Data to process:
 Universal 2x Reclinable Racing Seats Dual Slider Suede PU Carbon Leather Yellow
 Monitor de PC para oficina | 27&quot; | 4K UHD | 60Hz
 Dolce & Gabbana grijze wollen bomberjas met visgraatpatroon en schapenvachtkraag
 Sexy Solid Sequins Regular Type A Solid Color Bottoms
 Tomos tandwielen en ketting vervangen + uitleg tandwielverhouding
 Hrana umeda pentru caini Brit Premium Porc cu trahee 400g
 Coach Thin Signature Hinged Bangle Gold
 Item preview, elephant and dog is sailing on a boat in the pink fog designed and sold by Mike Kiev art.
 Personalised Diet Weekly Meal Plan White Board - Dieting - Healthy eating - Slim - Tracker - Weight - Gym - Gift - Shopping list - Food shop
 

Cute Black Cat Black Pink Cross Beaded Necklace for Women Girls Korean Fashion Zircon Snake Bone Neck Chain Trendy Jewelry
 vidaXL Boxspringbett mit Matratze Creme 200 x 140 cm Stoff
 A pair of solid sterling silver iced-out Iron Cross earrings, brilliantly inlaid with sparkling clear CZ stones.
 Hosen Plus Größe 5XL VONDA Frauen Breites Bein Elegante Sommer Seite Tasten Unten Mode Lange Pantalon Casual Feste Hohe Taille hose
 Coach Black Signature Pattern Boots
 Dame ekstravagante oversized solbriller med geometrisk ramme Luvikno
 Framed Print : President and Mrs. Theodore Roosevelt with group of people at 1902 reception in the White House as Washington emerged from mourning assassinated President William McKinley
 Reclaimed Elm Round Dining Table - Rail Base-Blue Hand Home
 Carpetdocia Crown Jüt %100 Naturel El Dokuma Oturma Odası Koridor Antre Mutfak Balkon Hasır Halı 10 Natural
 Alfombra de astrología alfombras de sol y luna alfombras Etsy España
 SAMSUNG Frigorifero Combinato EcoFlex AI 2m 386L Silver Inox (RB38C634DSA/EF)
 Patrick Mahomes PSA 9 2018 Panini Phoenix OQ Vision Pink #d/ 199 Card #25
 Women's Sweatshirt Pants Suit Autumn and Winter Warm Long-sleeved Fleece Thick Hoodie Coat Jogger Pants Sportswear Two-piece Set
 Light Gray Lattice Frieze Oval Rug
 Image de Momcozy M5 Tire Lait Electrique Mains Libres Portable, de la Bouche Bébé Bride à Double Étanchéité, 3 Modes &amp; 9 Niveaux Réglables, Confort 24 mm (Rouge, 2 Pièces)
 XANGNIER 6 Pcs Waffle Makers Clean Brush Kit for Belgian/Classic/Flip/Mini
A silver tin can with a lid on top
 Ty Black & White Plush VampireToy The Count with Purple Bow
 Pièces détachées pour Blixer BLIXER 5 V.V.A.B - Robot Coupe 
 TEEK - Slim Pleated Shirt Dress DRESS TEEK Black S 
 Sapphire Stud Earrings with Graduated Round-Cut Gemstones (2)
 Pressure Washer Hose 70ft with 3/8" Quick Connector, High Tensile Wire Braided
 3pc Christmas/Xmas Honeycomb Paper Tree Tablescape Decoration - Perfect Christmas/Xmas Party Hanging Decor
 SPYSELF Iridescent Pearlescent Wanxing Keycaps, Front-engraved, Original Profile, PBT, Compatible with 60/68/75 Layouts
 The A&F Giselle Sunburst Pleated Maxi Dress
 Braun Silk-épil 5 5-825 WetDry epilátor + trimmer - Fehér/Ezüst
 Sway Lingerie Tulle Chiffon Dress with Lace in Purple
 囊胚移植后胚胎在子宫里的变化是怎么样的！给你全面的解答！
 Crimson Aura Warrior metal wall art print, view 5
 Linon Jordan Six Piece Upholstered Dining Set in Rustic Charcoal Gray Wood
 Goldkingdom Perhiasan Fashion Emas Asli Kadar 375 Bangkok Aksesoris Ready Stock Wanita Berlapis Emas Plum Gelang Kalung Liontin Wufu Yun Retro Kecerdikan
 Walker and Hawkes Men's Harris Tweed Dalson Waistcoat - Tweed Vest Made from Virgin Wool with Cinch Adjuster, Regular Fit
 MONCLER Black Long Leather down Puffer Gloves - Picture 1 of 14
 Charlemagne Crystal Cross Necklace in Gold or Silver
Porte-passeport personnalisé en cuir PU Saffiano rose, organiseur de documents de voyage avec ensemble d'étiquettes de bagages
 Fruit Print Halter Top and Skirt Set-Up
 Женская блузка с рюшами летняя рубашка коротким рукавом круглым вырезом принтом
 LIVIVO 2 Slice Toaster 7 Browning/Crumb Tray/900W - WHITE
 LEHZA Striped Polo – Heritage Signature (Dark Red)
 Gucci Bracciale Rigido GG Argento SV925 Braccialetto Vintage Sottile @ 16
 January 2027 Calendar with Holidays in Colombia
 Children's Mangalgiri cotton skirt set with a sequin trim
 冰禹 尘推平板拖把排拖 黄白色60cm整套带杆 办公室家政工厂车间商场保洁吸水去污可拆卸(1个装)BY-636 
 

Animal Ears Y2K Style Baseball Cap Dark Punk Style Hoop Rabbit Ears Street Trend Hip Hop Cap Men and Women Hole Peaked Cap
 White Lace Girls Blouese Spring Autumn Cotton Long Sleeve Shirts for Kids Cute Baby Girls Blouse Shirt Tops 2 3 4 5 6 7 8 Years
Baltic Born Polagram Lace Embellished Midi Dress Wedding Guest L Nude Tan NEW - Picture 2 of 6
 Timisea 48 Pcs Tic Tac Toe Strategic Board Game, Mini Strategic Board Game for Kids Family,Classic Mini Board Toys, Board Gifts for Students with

To do: When the word "Necklace" appears in a line of the listing, pull that line out.

Answer to this exercise:
Cute Black Cat Black Pink Cross Beaded Necklace for Women Girls Korean Fashion Zircon Snake Bone Neck Chain Trendy Jewelry
 Charlemagne Crystal Cross Necklace in Gold or Silver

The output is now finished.